Mortality Review
There are many benefits to establishing a mortality and readmission review process in hospitals:
- Avoiding preventable deaths
- Improving patient safety and reliability
- Improving end of life care
- Managing an ageing population
- Reducing harm and costs associated with complications
- Improving hospital efficiency and reducing financial waste
- Supporting internal peer review and credentialing processes
- Maintaining reputation and reducing risk of liability for hospitals
Mortality and case review is a natural starting point for organisations along their healthcare improvement journey. Through the review of mortality as the most extreme outcome of harm to a patient there exists a continuum of harm and error that moves from death, morbidity and poor outcomes through to extended length of stay and financial waste and inefficiency.
The Metrixcare platform layer allows tracking and monitoring these cases using clinical indicators and performance measures such as Preventable Mortality and Adverse Drug Events. The indicators can be compared against existing benchmarks to determine if the hospital is safe and issues are under control.

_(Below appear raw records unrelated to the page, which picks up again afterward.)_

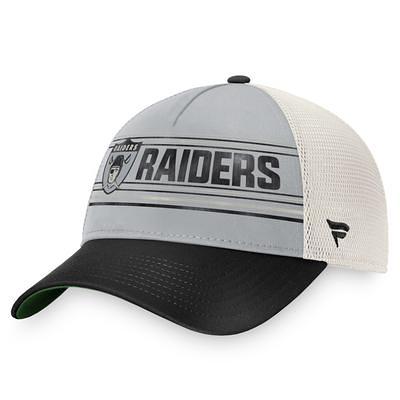 Men's Las Vegas Raiders New Era Black/Silver Retro 9FIFTY Snapback Hat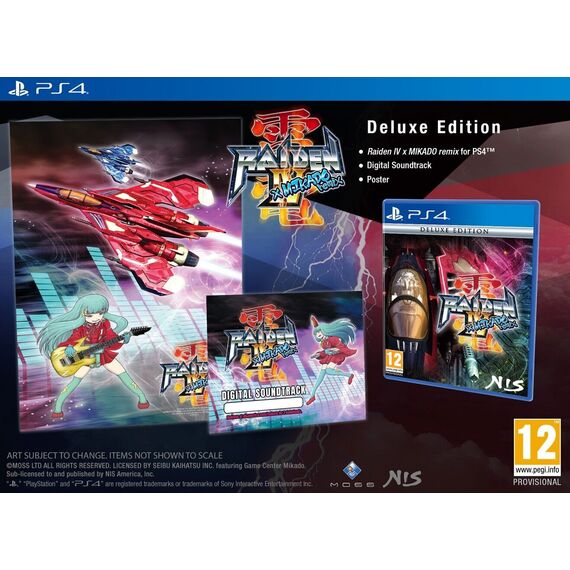 Raiden IV x MIKADO remix Deluxe Edition / PlayStation 4 - PS4 Games - Games - Techbox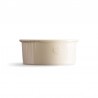 Voir la slide Moule à Soufflé Rond Céramique 23 cm Argile Blanc Cassé 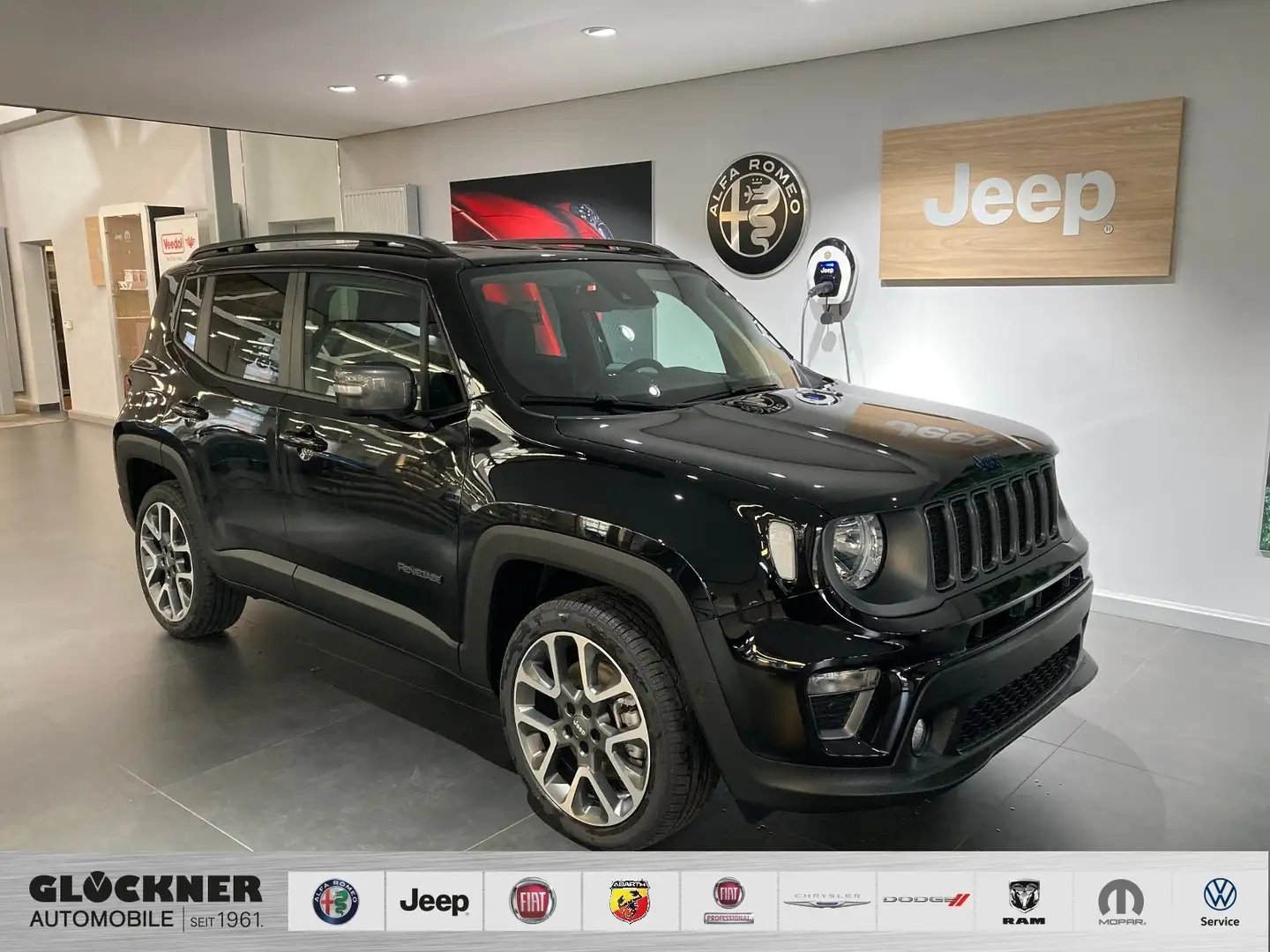 Jeep Renegade PHEV S 4xe 19ZOLL LEDER Schwarz - 1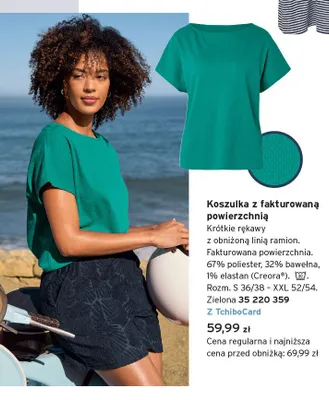 Koszulka z fakturowaną powierzchnią Tchibo promocja w Tchibo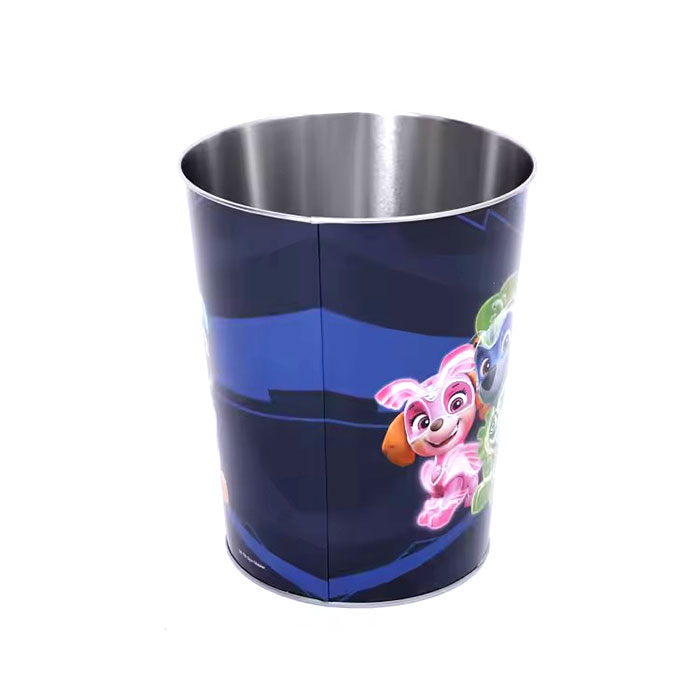 Customizable Popcorn Tin Bucket for Cinema Sale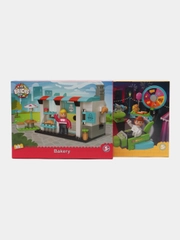 Набор детских конструкторов Kids Bricks пекарня и парк развлечений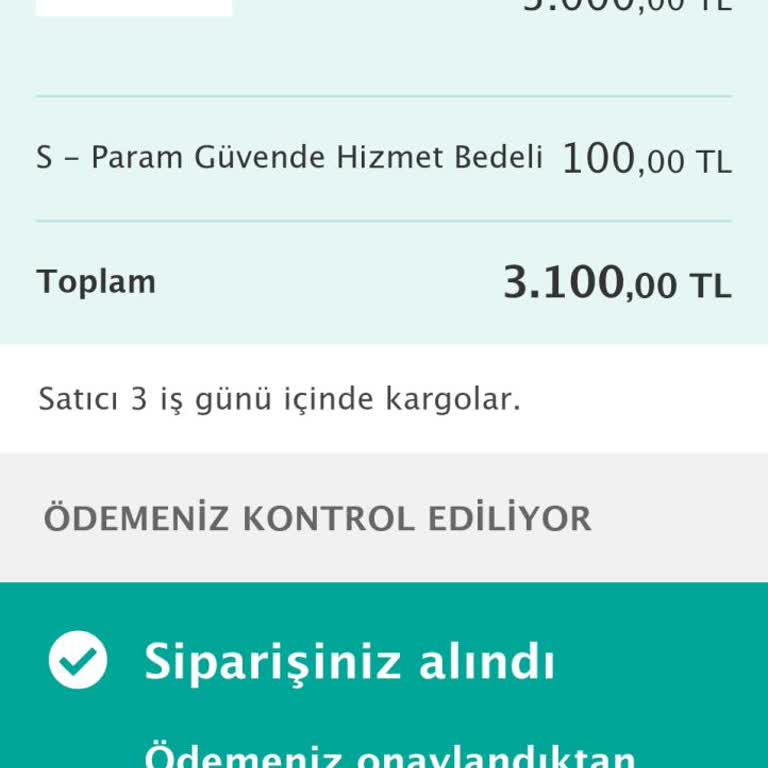 Sahibinden Sahilinden Param Güvendeden Şikayetçiyim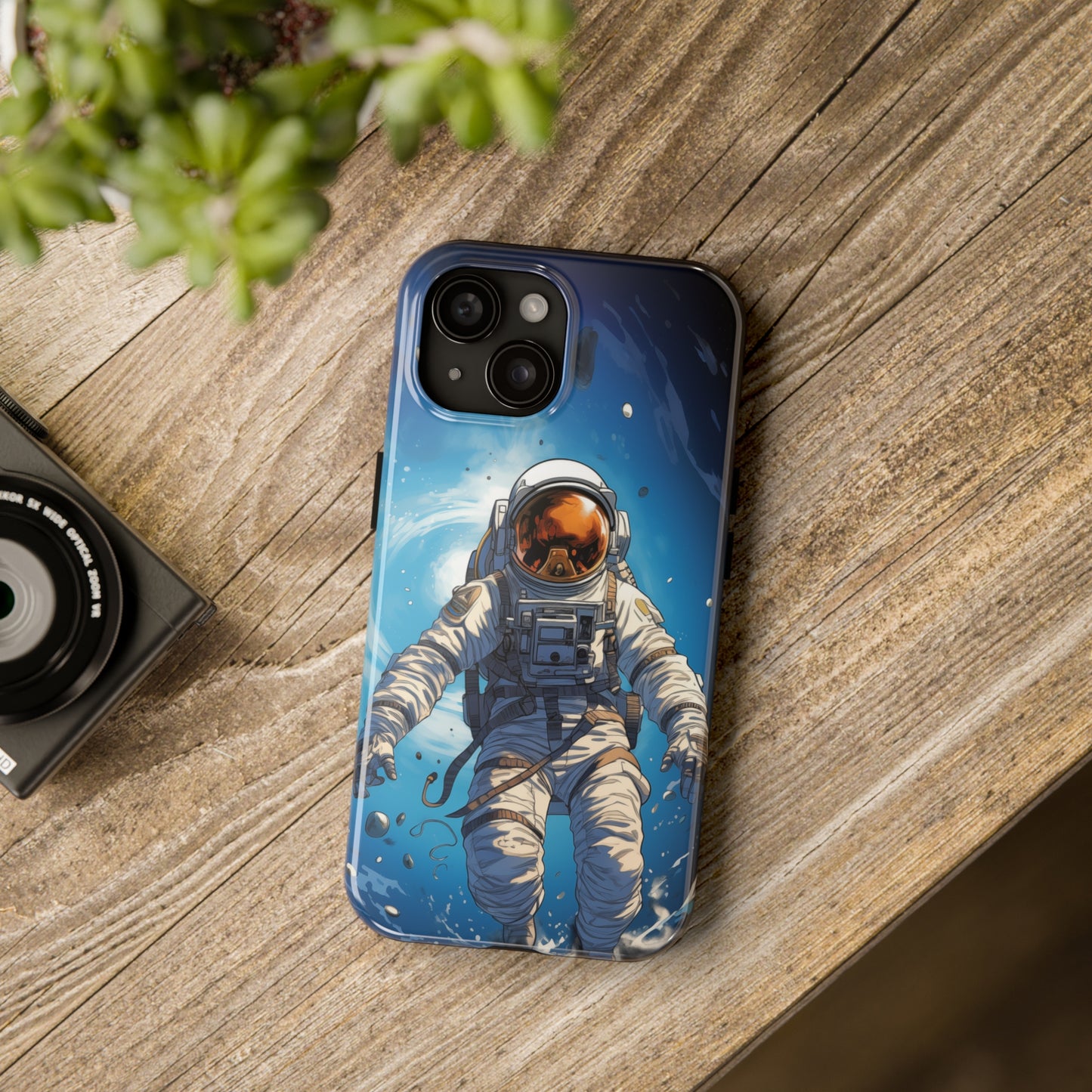 Astronaut #02, iPhone 7, 8, X, 11, 12, 13, 14, 15+ case.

Metrixcare assessment tools provide a mortality case review module that can be used to collect, monitor and analyse detailed information on individual patient cases. Information gained from these assessment of cases can be linked with other modules such as the one for clinical pharmacists to record information about the types of prescribing error, high-risk medications and possible individual and system failures. The information and insight produced by these modules allows a hospital to see the clusters of issues and some potential solutions to avoid future harm to patients.
Features
- Hospital Standardised Mortality Ratio (HSMR)
- Risk Standardised Readmission Index
- Mortality Case Review
- Preventable death reporting
- Unplanned readmission reporting
The system measures the impact of interventions such as this in a continuous feedback loop by cascading information back up through the layers to see the outcomes of analysis and prevention efforts. Over time these measures change from identifying a problem to becoming a tool for continuous accreditation of hospitals for patient safety.